Les rassemblements de dix personnes sont et restent autorisés avec des personnes extérieures à la bulle, à condition de respecter les règles de distanciation physique.

La population ressent une certaine incohérence dans les mesures et un besoin de plus de liberté. Le CNS en est bien conscient. Sophie Wilmès a donc chargé le Celeval, le groupe d’experts fédéraux, de travailler sur des mesures stables pour permettre les contacts sociaux. Toutefois, jusqu'au premier septembre, les événements à l'intérieur restent limités à 100 personnes et 200 personnes pour les événements à l'extérieur. Le port du masque reste impératif.

Reprise de l’école

La rentrée scolaire se fera bien, à temps plein, pour tous les élèves et à tous les niveaux d'enseignement. Le code jaune (vigilance accrue et mesures de sécurité plus strictes que d'habitude) sera de mise et les élèves de plus de 12 ans devront porter le masque. Si les cours seront bien dispensés, toutes les activités ne pourront être maintenues dans le secondaire.
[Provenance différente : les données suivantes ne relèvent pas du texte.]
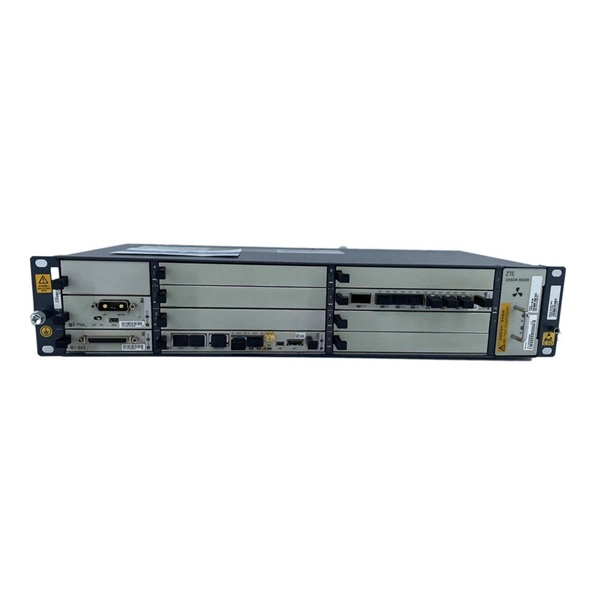 Kenya Wiring Unit 12 Cores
En cas d'épidémie dans une école, les autorités communales concernées pourront changer la couleur du code et donc faire adapter les horaires et les mesures.
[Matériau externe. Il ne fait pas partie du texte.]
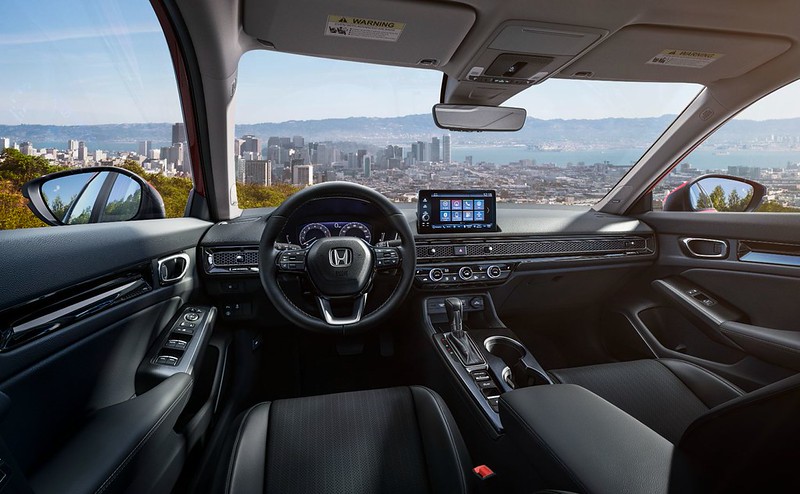 Honda descarta caixas manuais falsas para EVs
Du changement pour les messes?

"La lassitude gagne la population car les mesures arrivent au compte-goutte", relève le père Tommy Scholtès, porte-parole des évêques. Il espère bien pouvoir ré-ouvrir les (grandes) églises à de plus vastes assemblées mais il attend la confirmation de l'arrêté ministériel. En effet, pour les événements culturels, religieux et sportifs, on reviendrait à un nombre de 200 personnes maximum en intérieur et 400 en extérieur. Et toujours, le masque de rigueur.

Retour de vacances à surveiller

Sophie Wilmès a rappelé que les vacanciers revenant de l'étranger doivent se plier aux règles. "Je rappelle que depuis le premier août, toutes les personnes arrivant sur notre territoire après un séjour à l'étranger de plus de 48 heures, doit remplir le 'passenger locater form'. Le but est de savoir où le voyageur s'est rendu. Le 14 août, plus de 500.000 formulaires avaient été remplis, cette démarche active des citoyens est prise au sérieux et cela doit continuer", a expliqué la Première ministre à l'issue du Conseil National de Sécurité.
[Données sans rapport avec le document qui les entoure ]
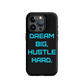 DREAM Tough Case for iPhone® TURK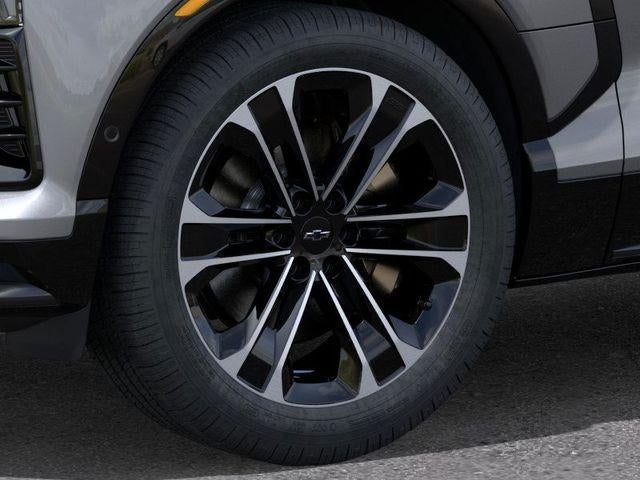 2026 Chevrolet Blazer EV SS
"Pour ceux qui reviennent de zone rouge, il est obligatoire de se faire tester et de rester en quarantaine. Même s'ils ne présentent pas de symptômes. Aujourd'hui, trop peu de personnes respectent ces règles, or les conséquences pourraient être très importantes".

"Pour les personnes qui reviennent d'une zone orange, ce n'est pas une obligation mais une recommandation. Mais elle doit être prise au sérieux, surtout si ces personnes ont eu des contacts à risque".

En cas de non respect de ces mesures, des amendes régionales sont prévues. Ceci dit, la prévention et la conscientisation restent les meilleurs moyens de lutter contre la propagation du virus.

Les Belges devront encore faire preuve de patience et de vigilance. Pour rappel, la meilleure mesure pour se protéger du virus est de veiller à une hygiène correcte: surtout se laver les mains, s'aérer suffisamment et bien aérer les espaces clos - lieux importants de propagation du (des) virus.